Databases and SQL - Library edition

Creating and Modifying Data

Learning Objectives

  • Write statements that creates tables.
  • Write statements to insert, modify, and delete records.

So far we have only looked at how to get information out of a database, both because that is more frequent than adding information, and because most other operations only make sense once queries are understood. If we want to create and modify data, we need to know two other sets of commands.

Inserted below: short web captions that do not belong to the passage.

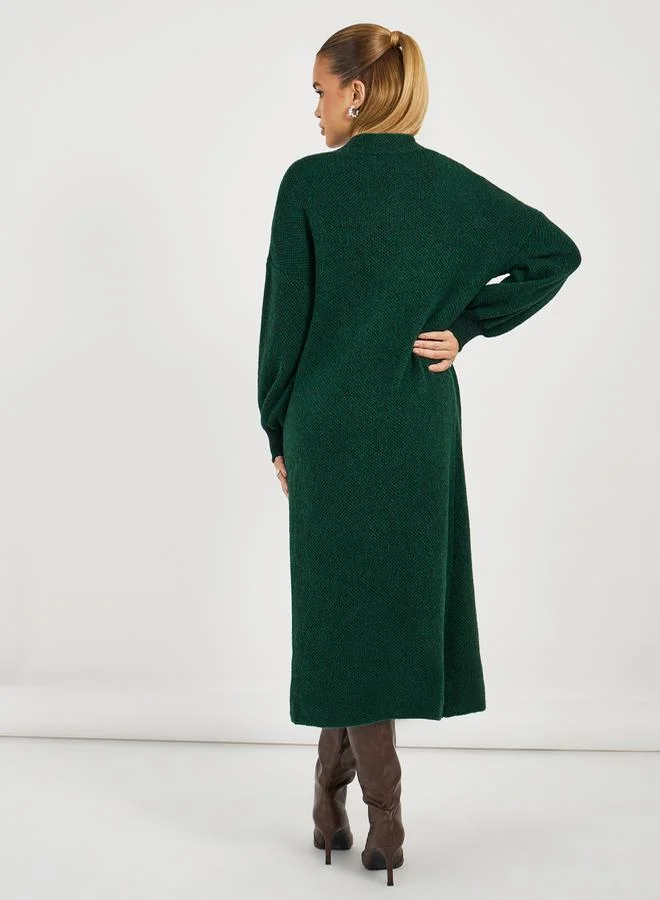 Styli Regular Fit Midi Length Front Open Cardigan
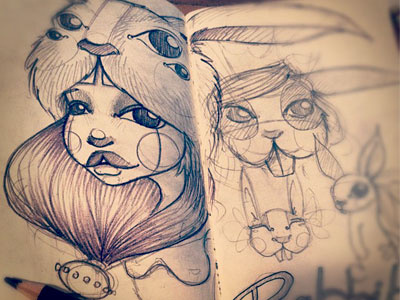 Sketching rabbits! art illustration rabbit sketchbook sketches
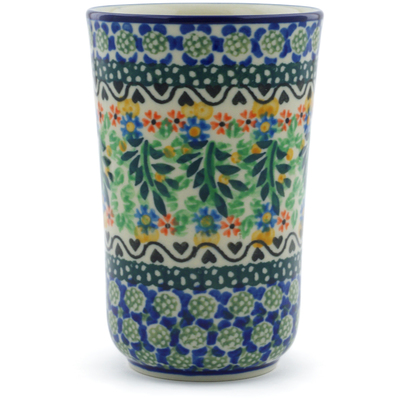 Polish Pottery Tumbler 15 oz Black Heart Garden UNIKAT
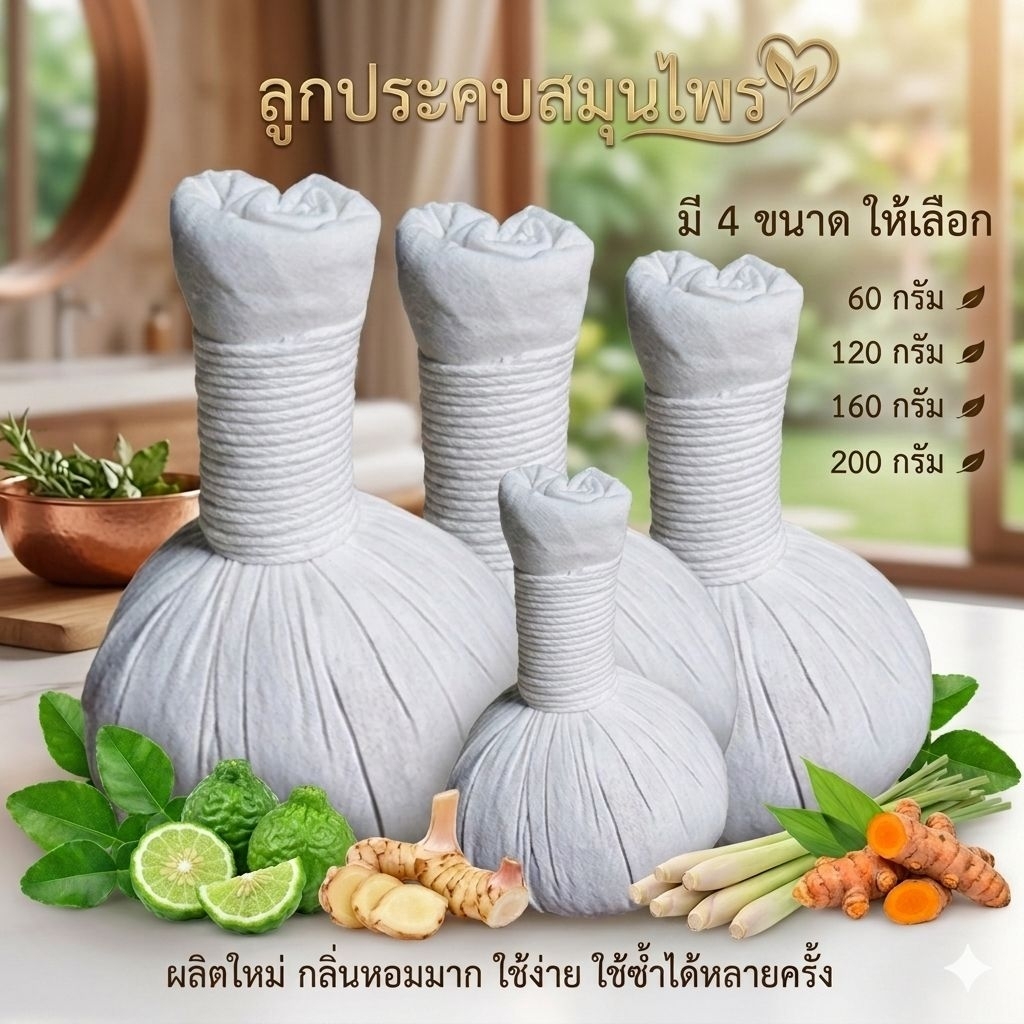 ลูกประคบ พร้อมส่ง มีหลายขนาดให้เลือก กลิ่นหอมมาก ใช้ซ้ำได้หลายครั้ง (ใช้ได้ทั้งนึ่งและเข้าไมโครเวฟ) ลูกประคบสมุนไพร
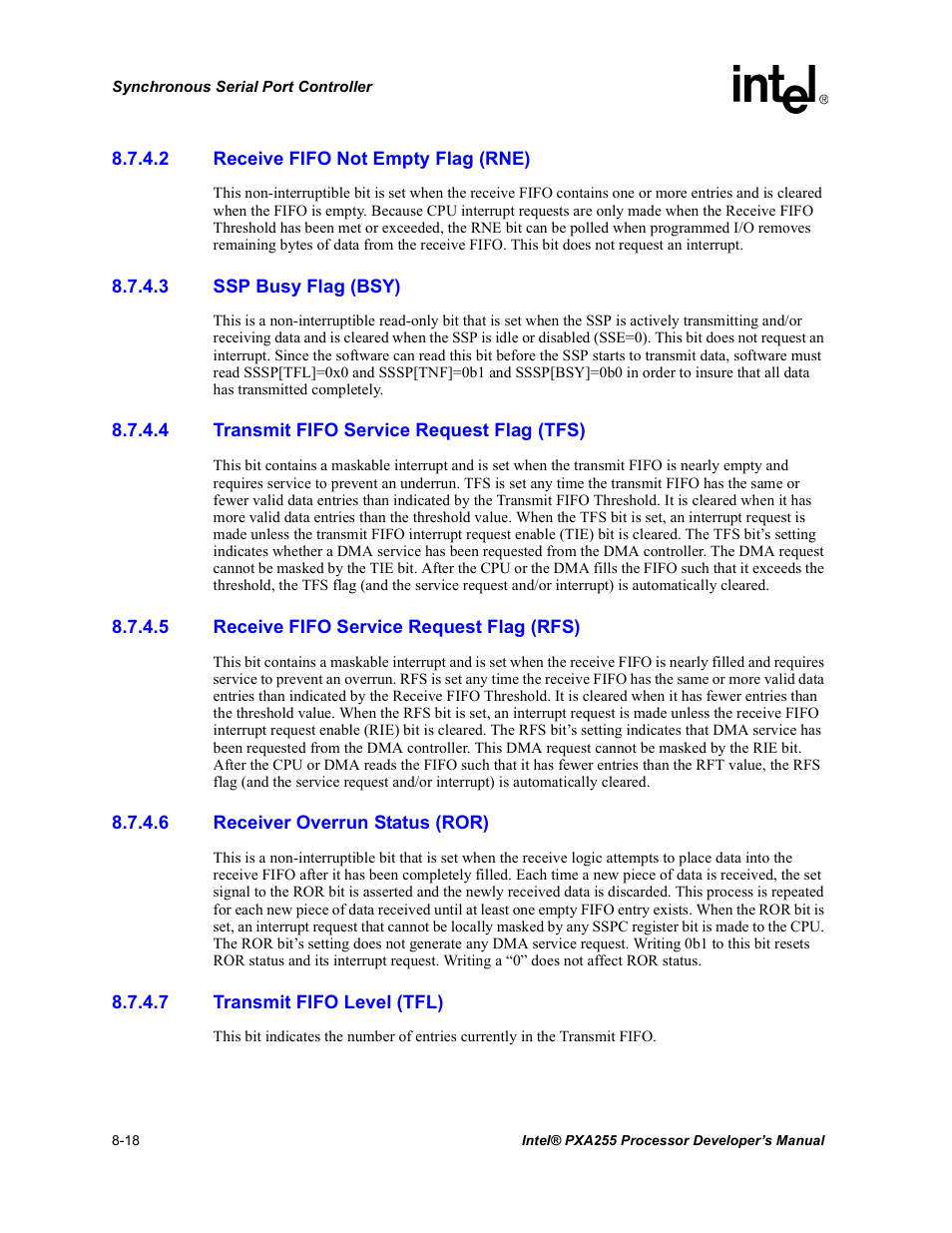 2 receive fifo not empty flag (rne), 3 ssp busy flag (bsy), 4 transmit fifo service request flag (tfs) | 5 receive fifo service request flag (rfs), 6 receiver overrun status (ror), 7 transmit fifo level (tfl) | Intel PXA255 User Manual | Page 328 / 600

The first pair are CREATE TABLE and DROP TABLE. While they are written as two words, they are actually single commands. The first one creates a new table; its arguments are the names and types of the table’s columns. For example, the following statements create the four tables in our library database:

CREATE TABLE Authors(Author_ID integer, Family text, Personal text, Occupation text, Birth integer, Death integer);
CREATE TABLE Items(Item_ID integer, Work_ID integer, Barcode text, Acquired integer, Status text);
CREATE TABLE Works(Work_ID integer, Title text, ISBN text, Date integer, Place text, Publisher text, Edition text, Pages integer);
CREATE TABLE Works_Authors(Work_ID integer, Author_ID integer, Role text);

We can get rid of one of our tables using:

DROP TABLE Items;

Be very careful when doing this: most databases have some support for undoing changes, but it’s better not to have to rely on it.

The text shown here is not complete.